◆ **Goal of the exercise**:
Write down every entry once more, exactly as it reads.

◆ **Caption-style text data**:
────

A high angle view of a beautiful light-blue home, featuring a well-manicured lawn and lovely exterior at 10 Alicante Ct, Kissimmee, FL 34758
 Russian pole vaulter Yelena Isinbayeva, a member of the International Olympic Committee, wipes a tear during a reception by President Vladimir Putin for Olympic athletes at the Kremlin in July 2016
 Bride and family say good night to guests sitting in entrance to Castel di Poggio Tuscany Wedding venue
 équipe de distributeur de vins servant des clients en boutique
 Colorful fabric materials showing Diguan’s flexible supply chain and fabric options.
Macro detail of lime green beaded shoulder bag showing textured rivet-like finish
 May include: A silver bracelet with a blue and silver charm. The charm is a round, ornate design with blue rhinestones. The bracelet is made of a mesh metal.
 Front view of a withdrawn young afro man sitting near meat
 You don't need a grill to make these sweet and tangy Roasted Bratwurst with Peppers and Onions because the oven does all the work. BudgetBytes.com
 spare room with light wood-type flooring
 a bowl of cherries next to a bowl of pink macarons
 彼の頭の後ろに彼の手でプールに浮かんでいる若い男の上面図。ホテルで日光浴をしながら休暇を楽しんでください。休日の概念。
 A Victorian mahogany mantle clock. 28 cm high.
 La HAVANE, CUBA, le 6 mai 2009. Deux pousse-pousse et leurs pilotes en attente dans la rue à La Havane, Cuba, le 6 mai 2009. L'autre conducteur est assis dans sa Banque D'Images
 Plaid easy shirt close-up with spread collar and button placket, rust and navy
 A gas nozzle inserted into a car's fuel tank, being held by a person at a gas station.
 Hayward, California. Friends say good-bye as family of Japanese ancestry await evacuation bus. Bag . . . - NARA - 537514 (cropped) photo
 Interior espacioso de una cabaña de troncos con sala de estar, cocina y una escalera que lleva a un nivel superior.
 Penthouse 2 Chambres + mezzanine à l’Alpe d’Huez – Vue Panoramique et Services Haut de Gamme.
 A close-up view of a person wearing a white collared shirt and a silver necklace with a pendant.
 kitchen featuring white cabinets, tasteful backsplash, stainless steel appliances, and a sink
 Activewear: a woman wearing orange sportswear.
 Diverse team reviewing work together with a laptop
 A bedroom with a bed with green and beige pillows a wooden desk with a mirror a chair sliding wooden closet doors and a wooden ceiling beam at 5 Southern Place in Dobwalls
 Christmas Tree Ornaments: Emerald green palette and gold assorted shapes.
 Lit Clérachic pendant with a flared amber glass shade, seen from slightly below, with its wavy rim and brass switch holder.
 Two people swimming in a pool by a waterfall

────

◆ **Solution to this task**:
A high angle view of a beautiful light-blue home, featuring a well-manicured lawn and lovely exterior at 10 Alicante Ct, Kissimmee, FL 34758
 Russian pole vaulter Yelena Isinbayeva, a member of the International Olympic Committee, wipes a tear during a reception by President Vladimir Putin for Olympic athletes at the Kremlin in July 2016
 Bride and family say good night to guests sitting in entrance to Castel di Poggio Tuscany Wedding venue
 équipe de distributeur de vins servant des clients en boutique
 Colorful fabric materials showing Diguan’s flexible supply chain and fabric options.
Macro detail of lime green beaded shoulder bag showing textured rivet-like finish
 May include: A silver bracelet with a blue and silver charm. The charm is a round, ornate design with blue rhinestones. The bracelet is made of a mesh metal.
 Front view of a withdrawn young afro man sitting near meat
 You don't need a grill to make these sweet and tangy Roasted Bratwurst with Peppers and Onions because the oven does all the work. BudgetBytes.com
 spare room with light wood-type flooring
 a bowl of cherries next to a bowl of pink macarons
 彼の頭の後ろに彼の手でプールに浮かんでいる若い男の上面図。ホテルで日光浴をしながら休暇を楽しんでください。休日の概念。
 A Victorian mahogany mantle clock. 28 cm high.
 La HAVANE, CUBA, le 6 mai 2009. Deux pousse-pousse et leurs pilotes en attente dans la rue à La Havane, Cuba, le 6 mai 2009. L'autre conducteur est assis dans sa Banque D'Images
 Plaid easy shirt close-up with spread collar and button placket, rust and navy
 A gas nozzle inserted into a car's fuel tank, being held by a person at a gas station.
 Hayward, California. Friends say good-bye as family of Japanese ancestry await evacuation bus. Bag . . . - NARA - 537514 (cropped) photo
 Interior espacioso de una cabaña de troncos con sala de estar, cocina y una escalera que lleva a un nivel superior.
 Penthouse 2 Chambres + mezzanine à l’Alpe d’Huez – Vue Panoramique et Services Haut de Gamme.
 A close-up view of a person wearing a white collared shirt and a silver necklace with a pendant.
 kitchen featuring white cabinets, tasteful backsplash, stainless steel appliances, and a sink
 Activewear: a woman wearing orange sportswear.
 Diverse team reviewing work together with a laptop
 A bedroom with a bed with green and beige pillows a wooden desk with a mirror a chair sliding wooden closet doors and a wooden ceiling beam at 5 Southern Place in Dobwalls
 Christmas Tree Ornaments: Emerald green palette and gold assorted shapes.
 Lit Clérachic pendant with a flared amber glass shade, seen from slightly below, with its wavy rim and brass switch holder.
 Two people swimming in a pool by a waterfall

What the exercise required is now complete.